LA PAROLA POETICA è tuttavia anche esito di una lotta non finita eppure compiuta, come in Litania per la sopravvivenza (tratta da The Black Unicorn del 1978) dove ad affiorare è un «noi», molto preciso. Sono quelle che vivono «sul margine», «sull’orlo costante della decisione / cruciali e sole», quelle che sono state «marchiate dalla paura». Perché infine «non era previsto che noi sopravvivessimo»; sono i volti di chi nasce in una comune «epoca di miseria», quando si teme che il pane diventi «nemico»; sono la moltiplicazione della stessa (e al contempo diversa) Sorella outsider (contenuta anch’essa nella silloge del ’78), è un «noi» di nate «nel ventre della Nerezza» (come esordisce Al poeta che si dà il caso sia nero e al poeta nero che si dà il caso sia una donna, che fa parte di Our Dead Behind Us del 1986). Eppure in quella comunità vivente sono in tante, che hanno assistito a diversi gradi di decolonizzazione, di disfacimento dei dettami patriarcali, sono «certe donne» che, come in Stazioni, invece di aspettare che qualcosa cambi decidono di trasformare se stesse; non sono mai tutte, a volte solo una, si chiama Blanche, Gloria, Janie o Flora, o «due ragazzine scure a Grenada» che «saettavano come pesci volanti».
La poesia, per Audre Lorde, è tuttavia anche strumento negli scambi quotidiani quando a rispondere è sempre lei, in versi, giacché «comunicare il mio sentire profondo in linguaggio lineare, in solidi blocchi di scrittura, mi sembrava un mistero, un metodo non per me». Ma il metodo qui sta nella folgorazione di un flusso che è la stessa esistenza a vergare, non si può cedere niente alla finzione, è un distillato esperienziale, dirà più avanti: è la poesia a far nascere il pensiero. Quanto abbia sofferto ogni parola di quelle contenute nelle dieci raccolte poetiche pubblicate in vita non è possibile da restituire.

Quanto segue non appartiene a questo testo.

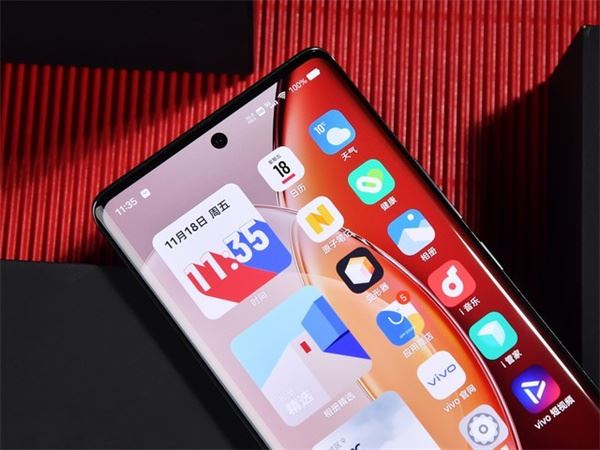 vivo手机用什么游戏修改器_vivo手机游戏改版_手游vivo版本游戏专区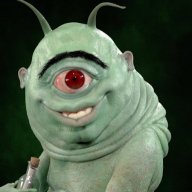 SheyTula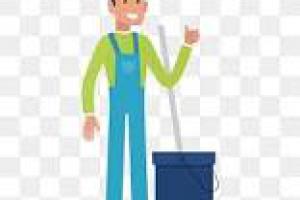 Ofertas de Trabajo Sin datos  PERSONAL PARA LIMPIEZA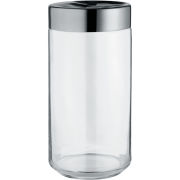 Alessi Julieta Jar (21.6cm)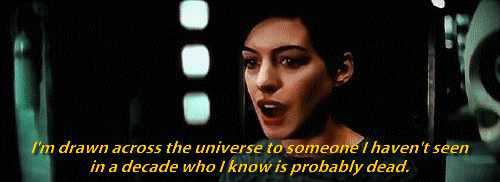the-ocean-in-one-drop-deactivat:  Interstellar (2014) 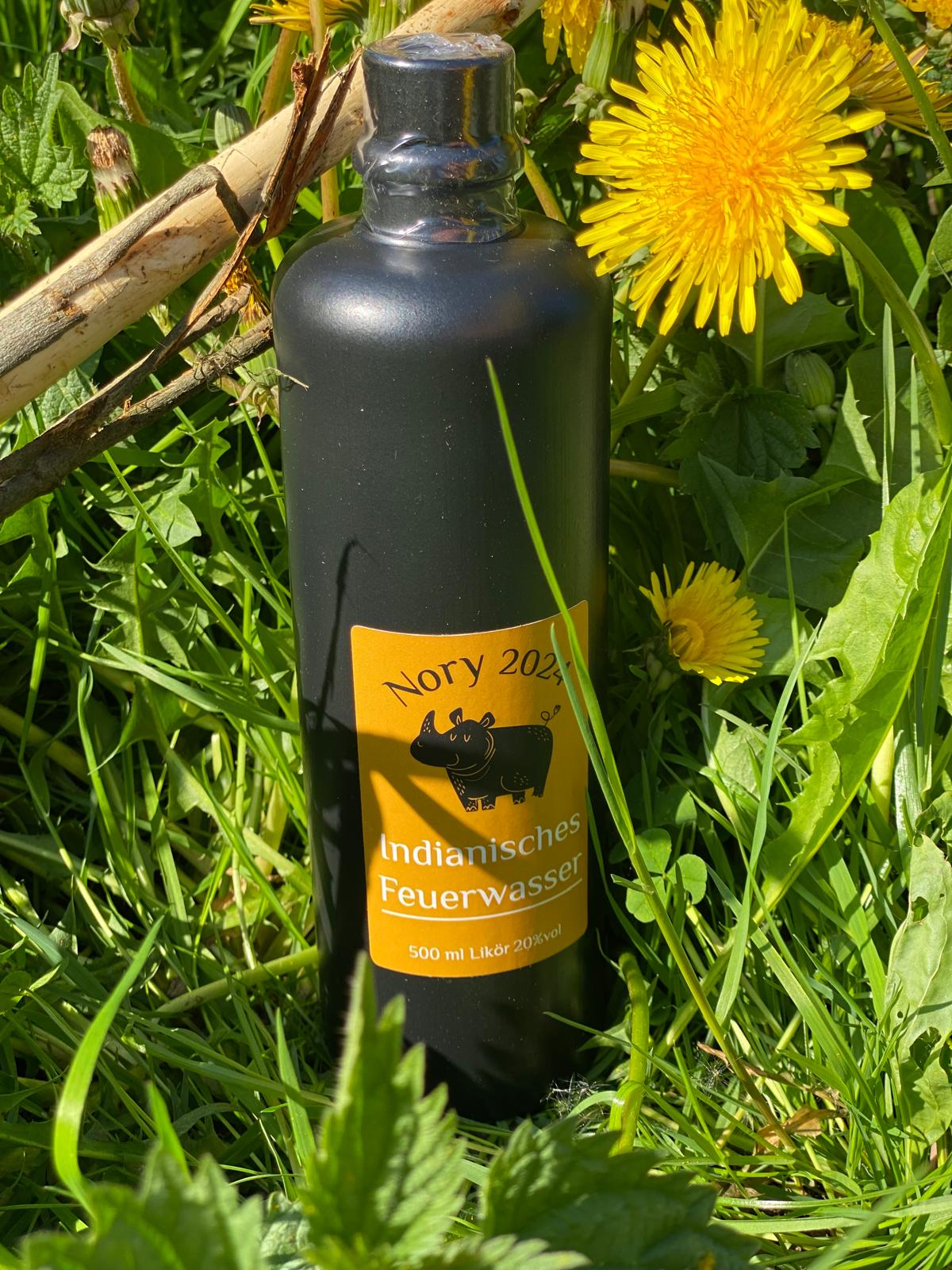 WhatsApp Image 2025-06-10 at 10.42.02 (1)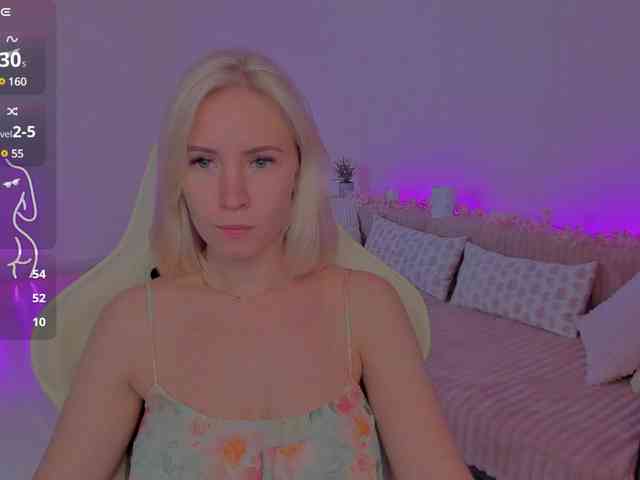 Mira- webcam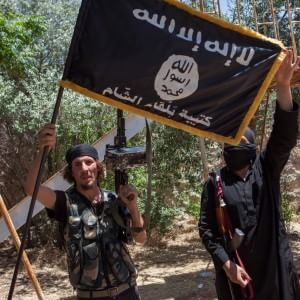 Stato islamico: "Ecco i 100 militari Usa che devono essere uccisi"
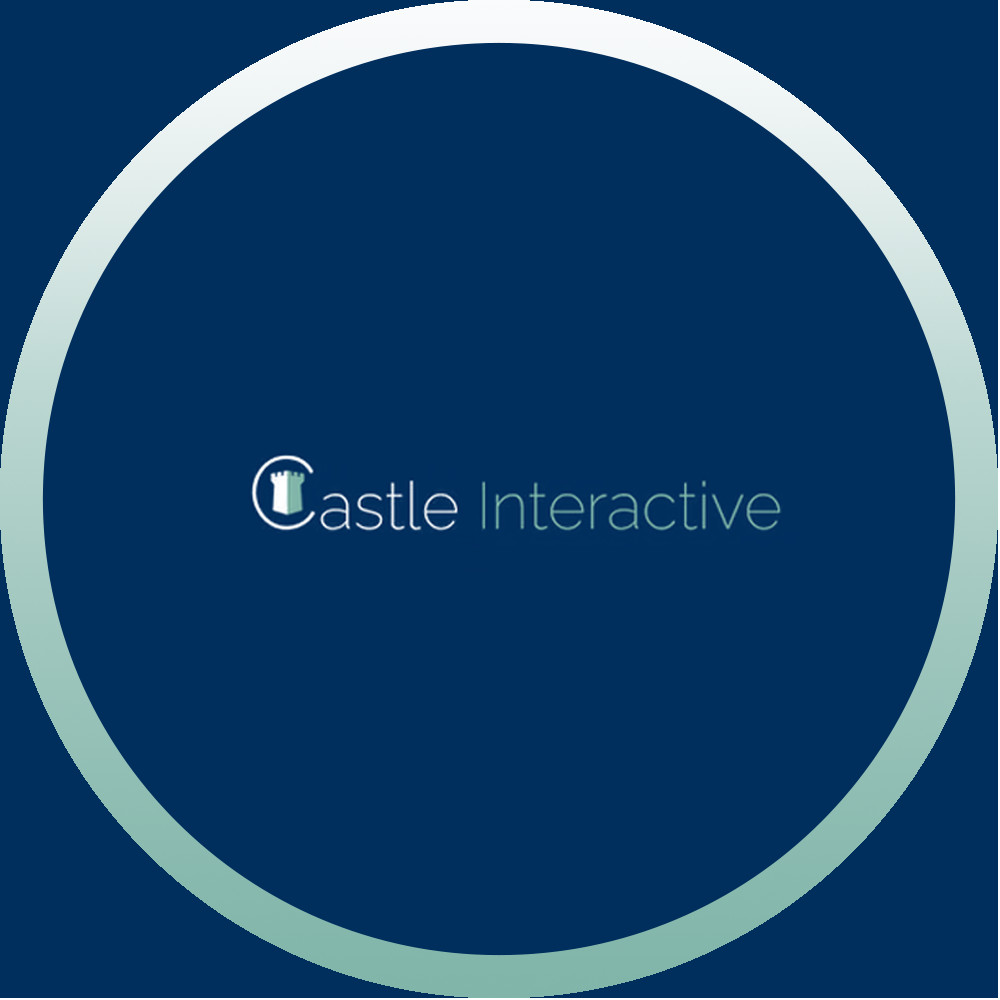 CastleInteractive Profile Picture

IL PUNTO È SEMPLICE e fa parte di una lezione che Audre Lorde dà ancora oggi a chiunque, compresi quelli vorrebbero avvicinarsi alla poesia come a un concentrato onanistico. La sua poetica, sempre e anzitutto politica senza ampollosi proclami ma nel posizionamento della relazione con le altre (e gli altri), non pretende di dover parlare a nome di tutte e tutti, è materialità impastata al sangue disprezzato per anni di una intera comunità Nera, trattata con odio a cui – sempre lei – risponde con la rabbia in quanto passione dell’intelligenza politica. Quindi la poesia è un laborioso auscultamento delle viscere che non hanno necessità di grandi e mondate nobilitazioni universalistiche. Si avvia da un esame imprescindibile che ciascuna (e ciascuno) fa a partire da sé; e fa acquisire potere, forza. Con rara umiltà e irriverenza, perché le vite conducono ad asperità, disciplinamenti e privilegi che debbono anzitutto essere decostruiti. Del resto «il luogo del nostro potere di donna dentro ognuna di noi non è né bianco né in superficie; è buio, è antico, ed è profondo».